Gibney Research Laboratory
Welcome

Professor Gibney is a leading researcher in the design of synthetic proteins containing metal ions. His current research is centered on the role of hemes in heart disease, and on the role of zinc in controlling gene expression in human cancer, and the design of [4Fe-4S] cluster proteins for nanobiochemistry. His investigative tool is to measure the thermodynamics of metal-peptide and metal-protein interactions to provide the basis for improvements in the computational design of metalloproteins to the point where the design of metalloenzymes from scratch in not just possible, but routine.

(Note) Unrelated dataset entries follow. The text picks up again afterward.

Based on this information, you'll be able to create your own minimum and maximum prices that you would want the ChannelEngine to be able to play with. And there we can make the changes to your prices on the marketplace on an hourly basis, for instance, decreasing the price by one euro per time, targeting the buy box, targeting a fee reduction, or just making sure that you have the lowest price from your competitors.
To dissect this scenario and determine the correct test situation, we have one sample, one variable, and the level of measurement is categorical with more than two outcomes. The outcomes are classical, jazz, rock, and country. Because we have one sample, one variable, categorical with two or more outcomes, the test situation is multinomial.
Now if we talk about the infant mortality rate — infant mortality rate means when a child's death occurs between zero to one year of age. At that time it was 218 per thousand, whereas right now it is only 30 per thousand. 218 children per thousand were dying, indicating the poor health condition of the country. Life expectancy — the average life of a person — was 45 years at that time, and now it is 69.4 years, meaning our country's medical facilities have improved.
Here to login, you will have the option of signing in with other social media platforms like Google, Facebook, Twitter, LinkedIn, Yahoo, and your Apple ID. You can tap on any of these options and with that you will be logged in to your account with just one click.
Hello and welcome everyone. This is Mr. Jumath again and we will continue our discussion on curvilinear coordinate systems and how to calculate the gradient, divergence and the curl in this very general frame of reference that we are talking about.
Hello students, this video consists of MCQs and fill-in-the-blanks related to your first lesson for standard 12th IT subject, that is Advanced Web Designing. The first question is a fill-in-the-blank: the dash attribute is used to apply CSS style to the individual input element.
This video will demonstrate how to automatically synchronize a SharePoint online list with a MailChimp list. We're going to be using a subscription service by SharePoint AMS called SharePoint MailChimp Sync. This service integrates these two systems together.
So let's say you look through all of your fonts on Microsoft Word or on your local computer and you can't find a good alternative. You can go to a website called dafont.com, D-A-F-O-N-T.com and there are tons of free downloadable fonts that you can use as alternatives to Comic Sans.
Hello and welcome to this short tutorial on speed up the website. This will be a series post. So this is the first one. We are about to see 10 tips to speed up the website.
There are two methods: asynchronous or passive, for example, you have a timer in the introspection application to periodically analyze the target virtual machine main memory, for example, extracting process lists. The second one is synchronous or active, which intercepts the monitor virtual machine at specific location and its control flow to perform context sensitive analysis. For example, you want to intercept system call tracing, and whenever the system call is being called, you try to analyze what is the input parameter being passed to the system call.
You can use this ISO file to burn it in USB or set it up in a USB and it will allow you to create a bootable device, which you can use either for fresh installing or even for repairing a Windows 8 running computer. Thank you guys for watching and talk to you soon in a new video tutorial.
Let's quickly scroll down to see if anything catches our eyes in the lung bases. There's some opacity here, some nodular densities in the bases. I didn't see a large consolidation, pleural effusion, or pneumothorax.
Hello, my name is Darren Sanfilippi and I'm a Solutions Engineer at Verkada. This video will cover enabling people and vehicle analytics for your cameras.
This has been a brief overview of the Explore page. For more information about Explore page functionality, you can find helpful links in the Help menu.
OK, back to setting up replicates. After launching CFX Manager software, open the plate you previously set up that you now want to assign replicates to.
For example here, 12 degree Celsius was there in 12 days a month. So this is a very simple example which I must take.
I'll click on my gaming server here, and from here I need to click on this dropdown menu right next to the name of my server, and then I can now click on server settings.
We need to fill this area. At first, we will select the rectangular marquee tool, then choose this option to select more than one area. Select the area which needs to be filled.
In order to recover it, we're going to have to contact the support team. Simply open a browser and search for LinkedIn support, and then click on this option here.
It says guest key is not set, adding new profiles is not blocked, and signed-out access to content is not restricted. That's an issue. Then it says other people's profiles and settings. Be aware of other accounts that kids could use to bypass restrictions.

A leader in the field of de novo metalloprotein design, he has authored 70+ research papers and co-organized the first Protein and Metalloprotein Design Conference and the first Brooklyn Frontiers in Science Public Lecture. He has been named the Jacques Edward Levy Professor of Analytical Chemistry, presented the Paul Saltman Memoral Lecture, named a Dreyfus Teacher-Scholar and named an American Chemical Society Fellow.

Aside from his duties at Brooklyn College, he is the Executive Officer of the City University of New York Ph.D. Program in Chemistry, serves on the Board of Directors of the New York Local Section of the American Chemical Society (he served as Chair for 2017), and is a Member of the ACS Joint Board - Council Committee on Science.